Write out, word for word, every line from the one where "Ein hölzernes Klavier" occurs to the final line of the entries, and nothing beyond them.

• • • •

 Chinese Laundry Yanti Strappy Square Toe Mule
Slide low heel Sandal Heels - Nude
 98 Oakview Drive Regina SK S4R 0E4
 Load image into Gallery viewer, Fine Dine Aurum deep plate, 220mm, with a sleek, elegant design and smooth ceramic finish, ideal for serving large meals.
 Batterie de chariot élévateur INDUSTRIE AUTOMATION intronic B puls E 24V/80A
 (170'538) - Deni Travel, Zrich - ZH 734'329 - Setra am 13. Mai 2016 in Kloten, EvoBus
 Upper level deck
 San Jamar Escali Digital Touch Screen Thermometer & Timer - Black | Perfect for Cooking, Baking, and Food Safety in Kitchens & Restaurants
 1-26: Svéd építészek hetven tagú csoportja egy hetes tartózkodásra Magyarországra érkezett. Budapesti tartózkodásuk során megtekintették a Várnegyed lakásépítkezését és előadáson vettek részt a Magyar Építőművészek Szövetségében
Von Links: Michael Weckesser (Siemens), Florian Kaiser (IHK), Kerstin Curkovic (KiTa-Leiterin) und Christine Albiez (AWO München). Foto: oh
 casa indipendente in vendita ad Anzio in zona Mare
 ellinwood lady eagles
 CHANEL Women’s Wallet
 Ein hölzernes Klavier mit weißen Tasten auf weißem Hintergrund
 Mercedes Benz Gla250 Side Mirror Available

• • • •

Result of this exercise:
 Ein hölzernes Klavier mit weißen Tasten auf weißem Hintergrund
 Mercedes Benz Gla250 Side Mirror Available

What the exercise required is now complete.